Been having a bunch of little droplets fall from the sky. Little snippets of story that I knew were important. Thoughts like "what if the antagonist believes the protagonist will eventually take up the hero's quest and by action force the hero out of their quest denial?" Or, when Muhammad refuses to go to the mountain, will the mountain come for tea?
Then there was a lesson in how things are hard, but they must be done in the vein of "sure, you can keep from ever having to try hard, but is that the life you want to live." As told through a lesson about something else.
And then an old piece came back to me (yes, I wrote it down both times) on how a forgotten God is a dangerous beast, akin to a wounded and cornered animal.
And then it came to me that they were all part of a longer story… for a different novel (currently a very sparse stub of one).
Sigh.
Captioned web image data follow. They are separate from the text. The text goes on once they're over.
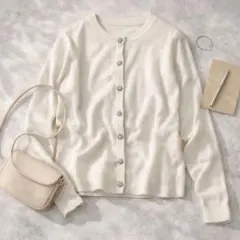 リッチミーニューヨーク カーディガン ビジューボタン アイボリー S相当
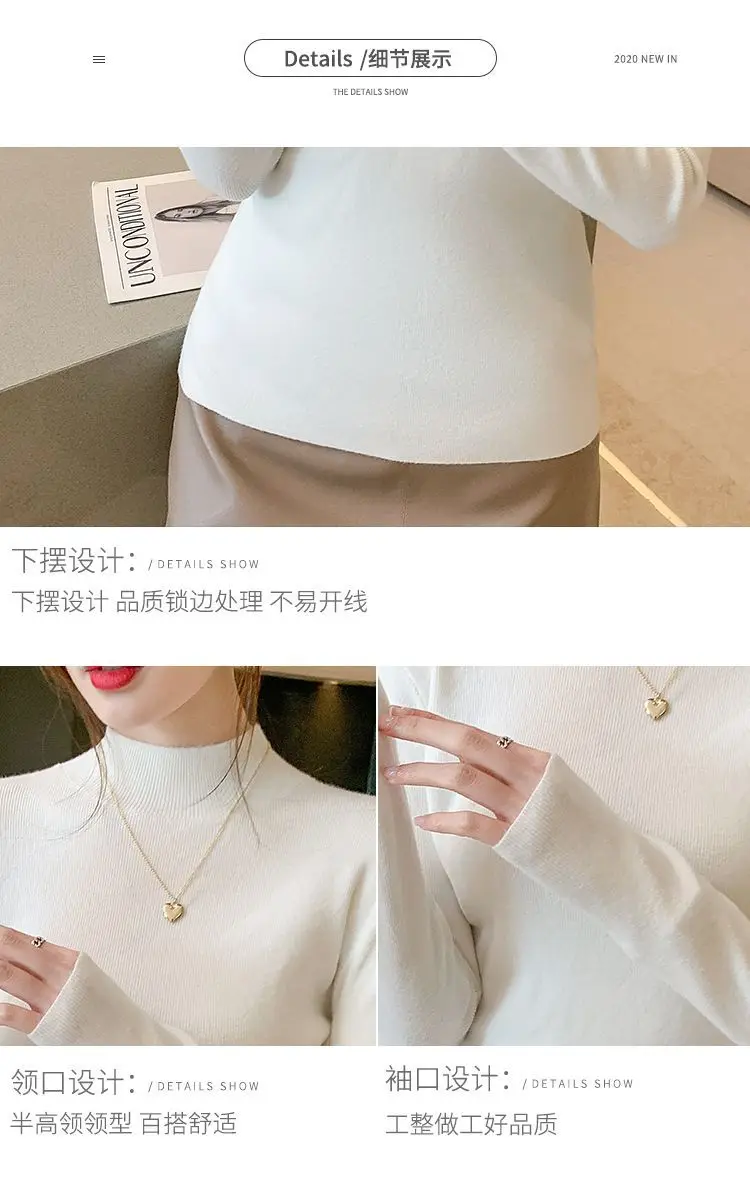 Damskie bluzki z długim rękawem na jesień i zimę, golfy damskie, dzianinowe bluzki, dopasowane, wyszczuplające ubrania dzianinowe.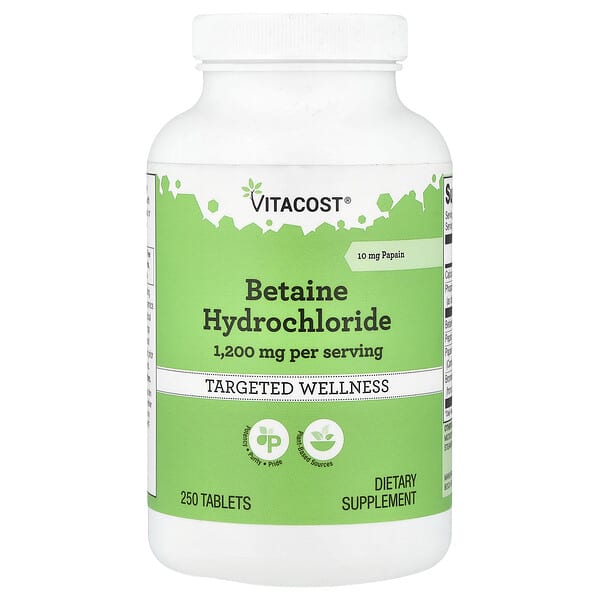 Vitacost, Betaine Hydrochloride, 250 Tablets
Brain, why won't you work on the current WIP?
Actually I do know the answer to that. After speculating that big-D was trying a new route, it came roaring in late last night. So yeah, it's here. It might be a case of "calling Bloody Mary", but I think it had been there, lurking under all the rest of the stuff that was going on. Now that I know, I think I can deal with it a little better. Unfortunately I know it's from the stress of the day thing (both the actual work and the situation), and the advent of starting classes a year early. That means that I have no power to eliminate the source and that I'll have to go head-to-head with big-D instead of cutting off its fuel.
(Deleted whine about interstitial station in writing career. It came as too much of a fishing expedition for affirmation. The thing that will help will be to get published. That's the stumbling block.)